The fact that the procedure was “fun,” speaks volumes about the women. PET scans use radiopharmaceuticals to detect cancer cells, which have a higher metabolic rate than non-cancerous cells.
Conklin and Schlarbaum worked together for 14 years and know that providing outstanding care has ripple effects.
“Our team doesn’t just represent the PET center,” says Conklin. “We represent UI Hospitals & Clinics as a whole.”
Putting patients first
Many PET centers don’t have nurses, but UI Hospitals & Clinics has two on staff. Schlarbaum is grateful for Conklin’s mentorship and even has a nickname for her.
“I call her my pocket nurse,” says Schlarbaum. “Because she was always there as a resource when I needed her. I’ve learned so many things from Amy over the years, with patient care and rapport.”
Conklin, who recently retired after 33 years with UI Hospitals & Clinics, helped enhance and nurture the qualities Schlarbaum already possessed such as showing empathy, providing compassion, and listening.
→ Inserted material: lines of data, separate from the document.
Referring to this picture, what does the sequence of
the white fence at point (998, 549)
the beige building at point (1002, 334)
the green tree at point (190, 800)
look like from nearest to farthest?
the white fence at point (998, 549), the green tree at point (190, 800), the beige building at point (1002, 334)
“Amy has always been that bright spot in the PET center,” says Schlarbaum. “I’ll always remember her phenomenal care towards patients. She left each patient feeling like they were her main priority.”
Conklin praised her co-worker for her kindness and work ethic.
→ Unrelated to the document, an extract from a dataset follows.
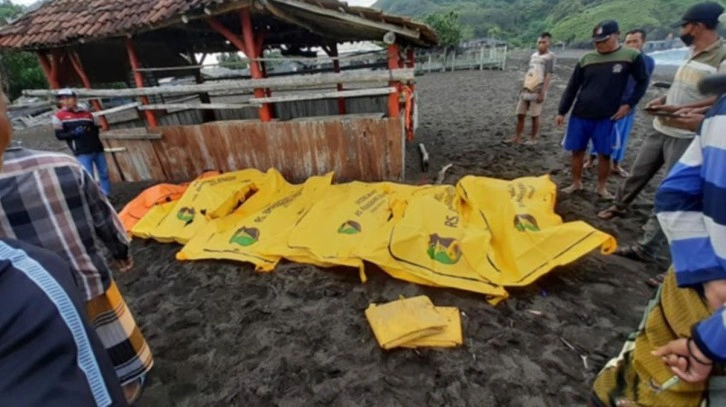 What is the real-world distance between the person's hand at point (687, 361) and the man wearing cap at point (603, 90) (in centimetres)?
346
“When our patients come in, they’re hurting, they’re in pain, and they have terrible diagnoses,” she says. “Kelli always has their best interests at heart and works so hard. She and I developed a strong working relationship and friendship.”
A seamless patient experience
Conklin knows the cohesion and teamwork will continue while she’s spending time with her new granddaughter and doing mission work.
“We created a protocol and informational manual for new hires for a seamless transition during the orientation process,” she says. “And while I’m excited for retirement, I will miss the patient care.”
Nurses and technologists in the PET center will continue to work together for a positive patient experience.
“No one person can do everything, and all the women here are bright and exceptional,” says Conklin. “Everyone is ready to jump in to help. All the technologists and nurses here work together as a team.”